Retype, word for word, every line from the one holding "Item preview, Lake" through the one holding "Brooks Ghost Max" in the entries below, both included, and only those lines.

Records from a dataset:
○ ○ ○ ○ ○ ○ ○

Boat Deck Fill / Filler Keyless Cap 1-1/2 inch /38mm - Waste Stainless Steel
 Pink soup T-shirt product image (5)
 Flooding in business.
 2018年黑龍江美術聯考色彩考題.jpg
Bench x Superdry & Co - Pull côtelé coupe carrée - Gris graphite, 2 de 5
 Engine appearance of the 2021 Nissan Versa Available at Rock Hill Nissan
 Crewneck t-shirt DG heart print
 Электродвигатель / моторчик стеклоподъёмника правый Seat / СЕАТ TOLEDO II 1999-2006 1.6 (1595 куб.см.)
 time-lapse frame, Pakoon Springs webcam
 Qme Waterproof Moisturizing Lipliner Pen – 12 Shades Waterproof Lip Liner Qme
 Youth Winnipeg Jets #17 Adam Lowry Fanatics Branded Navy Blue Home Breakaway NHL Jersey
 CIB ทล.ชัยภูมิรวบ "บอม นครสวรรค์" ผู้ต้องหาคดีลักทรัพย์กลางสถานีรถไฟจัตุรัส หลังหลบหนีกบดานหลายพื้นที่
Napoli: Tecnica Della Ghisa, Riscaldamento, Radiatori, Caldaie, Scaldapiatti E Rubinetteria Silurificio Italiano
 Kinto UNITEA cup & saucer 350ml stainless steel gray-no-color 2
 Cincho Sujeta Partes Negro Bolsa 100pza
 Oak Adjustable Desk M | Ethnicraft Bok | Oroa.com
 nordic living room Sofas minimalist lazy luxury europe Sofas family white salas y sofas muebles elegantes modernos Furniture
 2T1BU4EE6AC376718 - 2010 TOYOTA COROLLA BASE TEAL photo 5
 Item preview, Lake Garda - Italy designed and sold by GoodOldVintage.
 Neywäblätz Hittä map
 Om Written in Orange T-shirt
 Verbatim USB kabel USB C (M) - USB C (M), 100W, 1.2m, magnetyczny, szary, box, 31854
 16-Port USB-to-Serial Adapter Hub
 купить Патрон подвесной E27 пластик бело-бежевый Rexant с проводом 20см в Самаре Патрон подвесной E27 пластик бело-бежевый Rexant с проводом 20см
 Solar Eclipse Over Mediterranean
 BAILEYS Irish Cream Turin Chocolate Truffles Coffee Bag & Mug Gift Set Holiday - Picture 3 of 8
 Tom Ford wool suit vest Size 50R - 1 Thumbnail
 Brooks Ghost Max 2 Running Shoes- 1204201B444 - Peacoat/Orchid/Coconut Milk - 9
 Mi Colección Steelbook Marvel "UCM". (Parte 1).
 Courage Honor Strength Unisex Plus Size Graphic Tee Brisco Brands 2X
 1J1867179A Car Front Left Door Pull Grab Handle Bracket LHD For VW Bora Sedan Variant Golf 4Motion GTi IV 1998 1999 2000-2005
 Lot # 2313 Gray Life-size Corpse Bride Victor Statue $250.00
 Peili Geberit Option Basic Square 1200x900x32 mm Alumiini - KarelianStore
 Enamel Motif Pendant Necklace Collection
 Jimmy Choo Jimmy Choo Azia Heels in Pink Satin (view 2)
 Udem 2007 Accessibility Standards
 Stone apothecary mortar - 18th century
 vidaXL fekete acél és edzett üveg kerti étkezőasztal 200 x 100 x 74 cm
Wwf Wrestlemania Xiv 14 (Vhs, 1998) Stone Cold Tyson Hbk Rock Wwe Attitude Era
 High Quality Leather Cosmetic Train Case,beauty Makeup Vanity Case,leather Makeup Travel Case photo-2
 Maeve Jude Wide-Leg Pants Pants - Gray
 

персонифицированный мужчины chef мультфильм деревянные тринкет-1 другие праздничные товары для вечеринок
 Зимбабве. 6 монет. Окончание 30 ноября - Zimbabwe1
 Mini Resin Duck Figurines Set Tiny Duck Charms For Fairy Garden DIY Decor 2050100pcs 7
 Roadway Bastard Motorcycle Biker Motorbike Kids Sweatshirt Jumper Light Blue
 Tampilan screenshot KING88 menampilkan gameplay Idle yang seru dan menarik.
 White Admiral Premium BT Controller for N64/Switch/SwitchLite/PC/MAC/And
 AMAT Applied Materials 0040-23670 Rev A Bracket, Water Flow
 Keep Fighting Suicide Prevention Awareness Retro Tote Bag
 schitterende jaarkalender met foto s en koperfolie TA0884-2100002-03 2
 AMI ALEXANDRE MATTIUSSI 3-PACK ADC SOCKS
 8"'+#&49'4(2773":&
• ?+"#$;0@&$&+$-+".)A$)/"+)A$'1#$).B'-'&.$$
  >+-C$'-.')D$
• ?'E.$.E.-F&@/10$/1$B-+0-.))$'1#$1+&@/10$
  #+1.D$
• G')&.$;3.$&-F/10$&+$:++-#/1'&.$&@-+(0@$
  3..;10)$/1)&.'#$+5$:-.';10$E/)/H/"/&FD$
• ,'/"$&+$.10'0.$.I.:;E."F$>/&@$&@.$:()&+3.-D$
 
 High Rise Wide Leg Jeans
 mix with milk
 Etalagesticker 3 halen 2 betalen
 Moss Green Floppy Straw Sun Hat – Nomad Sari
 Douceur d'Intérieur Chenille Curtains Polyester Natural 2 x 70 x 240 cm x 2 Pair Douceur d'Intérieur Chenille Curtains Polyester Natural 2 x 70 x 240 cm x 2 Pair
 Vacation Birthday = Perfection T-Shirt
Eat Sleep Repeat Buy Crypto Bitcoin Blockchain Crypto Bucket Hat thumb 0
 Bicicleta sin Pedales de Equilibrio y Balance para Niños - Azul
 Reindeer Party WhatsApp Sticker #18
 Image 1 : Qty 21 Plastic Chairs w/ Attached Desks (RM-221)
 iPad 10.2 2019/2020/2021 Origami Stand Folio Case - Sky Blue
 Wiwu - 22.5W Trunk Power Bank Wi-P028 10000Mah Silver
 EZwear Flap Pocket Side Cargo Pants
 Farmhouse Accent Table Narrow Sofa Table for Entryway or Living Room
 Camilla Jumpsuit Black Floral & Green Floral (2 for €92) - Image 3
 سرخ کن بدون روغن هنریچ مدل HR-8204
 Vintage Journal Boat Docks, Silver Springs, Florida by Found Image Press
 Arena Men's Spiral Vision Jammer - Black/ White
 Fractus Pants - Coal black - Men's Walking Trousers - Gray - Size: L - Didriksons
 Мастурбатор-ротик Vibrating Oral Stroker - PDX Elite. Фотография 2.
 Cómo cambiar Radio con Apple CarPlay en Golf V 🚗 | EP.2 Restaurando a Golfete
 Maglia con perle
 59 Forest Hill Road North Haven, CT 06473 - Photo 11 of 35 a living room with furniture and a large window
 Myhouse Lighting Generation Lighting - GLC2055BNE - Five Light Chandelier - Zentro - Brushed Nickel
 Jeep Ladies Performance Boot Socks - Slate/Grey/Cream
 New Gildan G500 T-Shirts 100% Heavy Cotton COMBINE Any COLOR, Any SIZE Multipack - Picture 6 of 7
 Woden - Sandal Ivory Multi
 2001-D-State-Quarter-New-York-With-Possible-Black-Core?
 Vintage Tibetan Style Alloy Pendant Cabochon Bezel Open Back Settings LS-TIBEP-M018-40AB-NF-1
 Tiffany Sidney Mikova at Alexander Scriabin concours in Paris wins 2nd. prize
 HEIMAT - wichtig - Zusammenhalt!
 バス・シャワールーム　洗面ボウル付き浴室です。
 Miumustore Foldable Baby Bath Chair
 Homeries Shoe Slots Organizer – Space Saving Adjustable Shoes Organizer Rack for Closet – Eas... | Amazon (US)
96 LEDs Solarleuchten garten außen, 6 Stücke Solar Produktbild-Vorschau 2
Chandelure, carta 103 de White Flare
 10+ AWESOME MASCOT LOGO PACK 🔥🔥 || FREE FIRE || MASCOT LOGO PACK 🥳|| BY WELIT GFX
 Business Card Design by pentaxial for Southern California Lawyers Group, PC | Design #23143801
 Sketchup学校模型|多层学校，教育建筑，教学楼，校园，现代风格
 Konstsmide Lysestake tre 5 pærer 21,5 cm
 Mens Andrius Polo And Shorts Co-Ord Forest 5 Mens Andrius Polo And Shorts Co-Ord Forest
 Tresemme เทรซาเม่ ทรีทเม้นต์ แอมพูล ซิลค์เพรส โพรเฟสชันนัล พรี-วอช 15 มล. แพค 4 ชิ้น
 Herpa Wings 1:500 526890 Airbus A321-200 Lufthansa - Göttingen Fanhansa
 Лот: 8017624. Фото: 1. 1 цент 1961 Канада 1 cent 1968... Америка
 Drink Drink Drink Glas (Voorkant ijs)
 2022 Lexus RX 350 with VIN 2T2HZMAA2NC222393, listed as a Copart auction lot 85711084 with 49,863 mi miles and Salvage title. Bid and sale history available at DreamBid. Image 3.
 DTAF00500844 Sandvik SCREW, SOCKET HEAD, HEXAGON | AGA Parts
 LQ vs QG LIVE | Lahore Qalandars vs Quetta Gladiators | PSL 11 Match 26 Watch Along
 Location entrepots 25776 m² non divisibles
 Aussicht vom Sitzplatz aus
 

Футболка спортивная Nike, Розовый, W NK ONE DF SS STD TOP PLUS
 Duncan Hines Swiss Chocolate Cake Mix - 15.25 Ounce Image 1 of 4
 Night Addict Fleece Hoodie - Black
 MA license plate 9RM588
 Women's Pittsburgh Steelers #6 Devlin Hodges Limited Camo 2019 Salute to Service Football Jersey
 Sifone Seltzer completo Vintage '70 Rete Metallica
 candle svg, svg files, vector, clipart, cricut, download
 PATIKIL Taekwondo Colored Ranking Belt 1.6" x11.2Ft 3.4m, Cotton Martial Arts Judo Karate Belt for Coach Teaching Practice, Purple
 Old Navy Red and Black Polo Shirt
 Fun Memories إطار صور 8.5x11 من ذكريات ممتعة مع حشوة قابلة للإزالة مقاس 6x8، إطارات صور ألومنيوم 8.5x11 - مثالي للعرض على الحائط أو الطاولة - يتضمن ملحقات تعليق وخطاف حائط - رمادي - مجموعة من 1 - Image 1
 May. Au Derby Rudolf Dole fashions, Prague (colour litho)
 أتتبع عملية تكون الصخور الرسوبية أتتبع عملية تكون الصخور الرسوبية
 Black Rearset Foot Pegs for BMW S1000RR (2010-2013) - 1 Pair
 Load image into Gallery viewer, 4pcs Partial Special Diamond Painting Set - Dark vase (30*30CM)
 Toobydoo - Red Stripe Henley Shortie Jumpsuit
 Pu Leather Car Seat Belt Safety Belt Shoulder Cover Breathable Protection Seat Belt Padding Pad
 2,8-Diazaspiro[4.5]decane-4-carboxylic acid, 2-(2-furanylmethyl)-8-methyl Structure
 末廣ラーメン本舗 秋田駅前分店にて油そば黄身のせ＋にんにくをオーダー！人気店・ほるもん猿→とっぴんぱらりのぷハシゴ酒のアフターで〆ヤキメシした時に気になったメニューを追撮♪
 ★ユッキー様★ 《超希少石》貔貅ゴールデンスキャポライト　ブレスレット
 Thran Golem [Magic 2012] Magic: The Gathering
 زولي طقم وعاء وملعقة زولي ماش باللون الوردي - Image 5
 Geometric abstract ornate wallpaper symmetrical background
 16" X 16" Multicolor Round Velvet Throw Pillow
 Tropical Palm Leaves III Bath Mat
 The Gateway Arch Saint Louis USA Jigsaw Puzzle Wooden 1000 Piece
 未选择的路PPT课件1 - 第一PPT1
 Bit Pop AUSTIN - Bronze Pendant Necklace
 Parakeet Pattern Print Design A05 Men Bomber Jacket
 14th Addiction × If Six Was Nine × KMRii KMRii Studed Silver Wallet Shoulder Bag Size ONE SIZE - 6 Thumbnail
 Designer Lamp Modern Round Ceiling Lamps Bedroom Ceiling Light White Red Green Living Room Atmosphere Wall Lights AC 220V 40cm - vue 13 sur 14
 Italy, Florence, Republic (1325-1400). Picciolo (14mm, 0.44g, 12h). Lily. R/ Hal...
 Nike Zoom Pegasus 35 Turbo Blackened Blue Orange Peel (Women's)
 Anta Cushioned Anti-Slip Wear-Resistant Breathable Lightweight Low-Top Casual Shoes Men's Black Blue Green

○ ○ ○ ○ ○ ○ ○

◆ Solution ◆
 Item preview, Lake Garda - Italy designed and sold by GoodOldVintage.
 Neywäblätz Hittä map
 Om Written in Orange T-shirt
 Verbatim USB kabel USB C (M) - USB C (M), 100W, 1.2m, magnetyczny, szary, box, 31854
 16-Port USB-to-Serial Adapter Hub
 купить Патрон подвесной E27 пластик бело-бежевый Rexant с проводом 20см в Самаре Патрон подвесной E27 пластик бело-бежевый Rexant с проводом 20см
 Solar Eclipse Over Mediterranean
 BAILEYS Irish Cream Turin Chocolate Truffles Coffee Bag & Mug Gift Set Holiday - Picture 3 of 8
 Tom Ford wool suit vest Size 50R - 1 Thumbnail
 Brooks Ghost Max 2 Running Shoes- 1204201B444 - Peacoat/Orchid/Coconut Milk - 9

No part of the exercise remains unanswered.